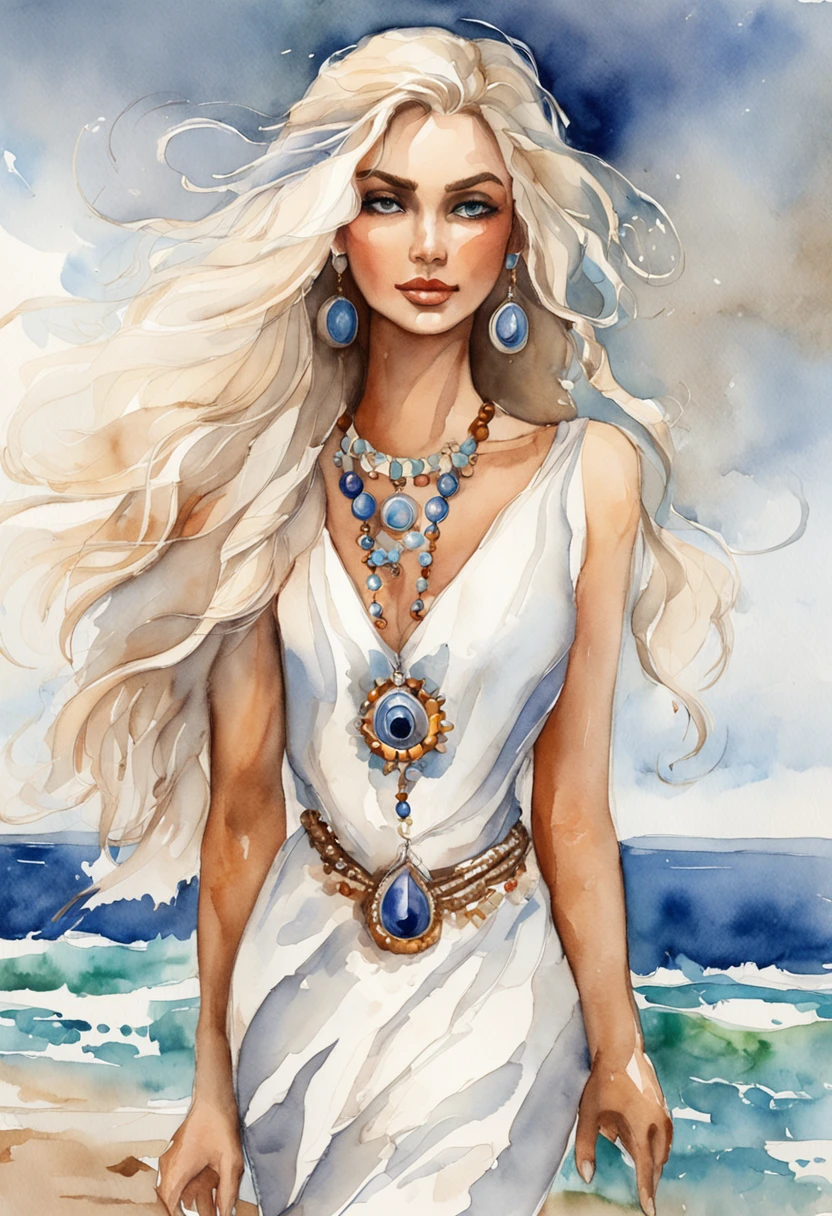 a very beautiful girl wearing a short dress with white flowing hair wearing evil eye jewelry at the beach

---

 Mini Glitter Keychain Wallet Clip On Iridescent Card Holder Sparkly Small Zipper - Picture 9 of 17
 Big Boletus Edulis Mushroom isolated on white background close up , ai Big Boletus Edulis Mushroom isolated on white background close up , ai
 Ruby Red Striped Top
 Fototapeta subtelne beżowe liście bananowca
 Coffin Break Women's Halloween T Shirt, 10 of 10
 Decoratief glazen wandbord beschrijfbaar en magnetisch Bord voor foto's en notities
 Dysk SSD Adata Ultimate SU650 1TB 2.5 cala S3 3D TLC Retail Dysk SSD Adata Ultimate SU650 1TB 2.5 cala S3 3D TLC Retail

* * *

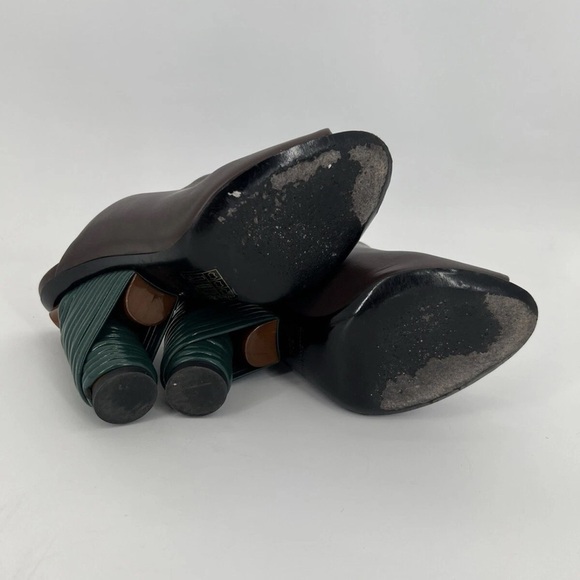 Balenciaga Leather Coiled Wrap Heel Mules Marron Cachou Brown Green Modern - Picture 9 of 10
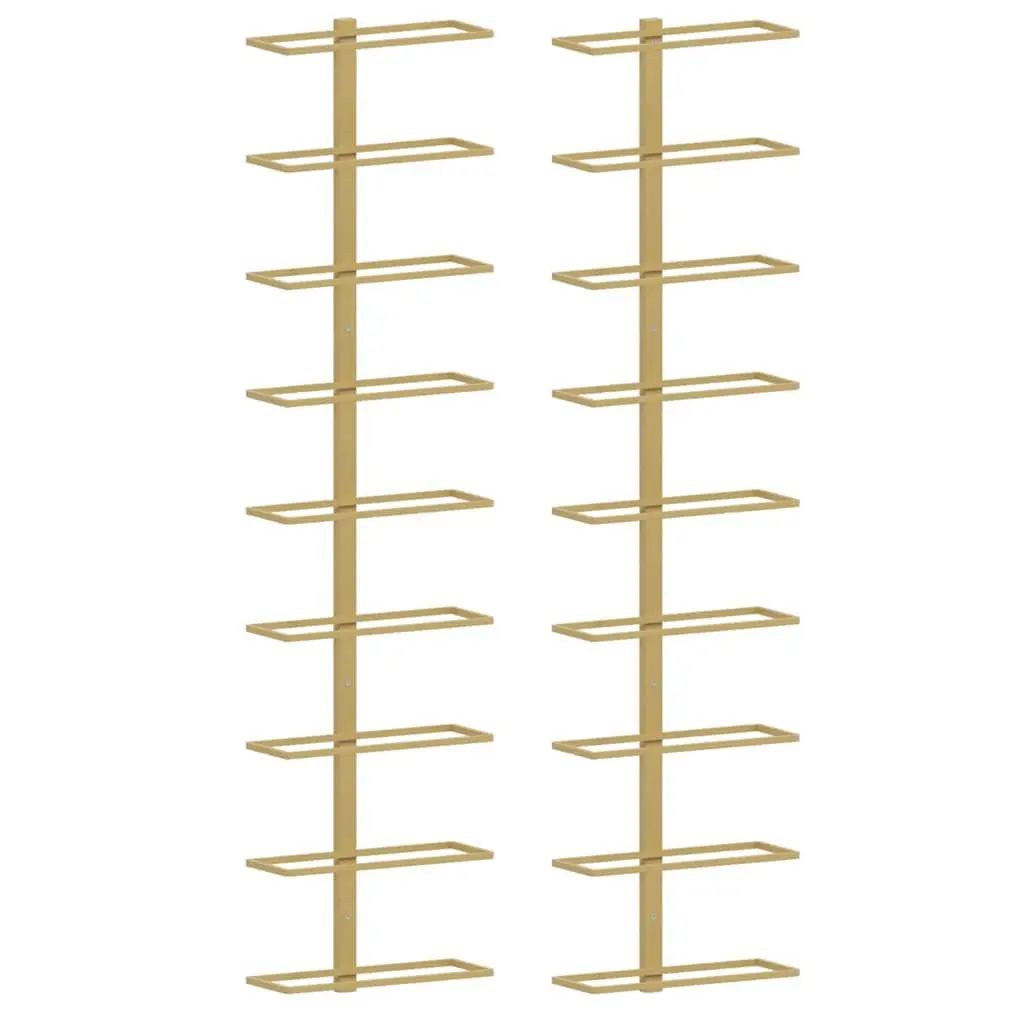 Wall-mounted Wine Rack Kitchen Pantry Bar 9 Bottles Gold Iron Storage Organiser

*Work to be completed*
Of the entries above, repeat exactly the lines from the line with "Coffin Break Women's" through the line with "TLC Retail Dysk", both of them included.

*Response to the task*
 Coffin Break Women's Halloween T Shirt, 10 of 10
 Decoratief glazen wandbord beschrijfbaar en magnetisch Bord voor foto's en notities
 Dysk SSD Adata Ultimate SU650 1TB 2.5 cala S3 3D TLC Retail Dysk SSD Adata Ultimate SU650 1TB 2.5 cala S3 3D TLC Retail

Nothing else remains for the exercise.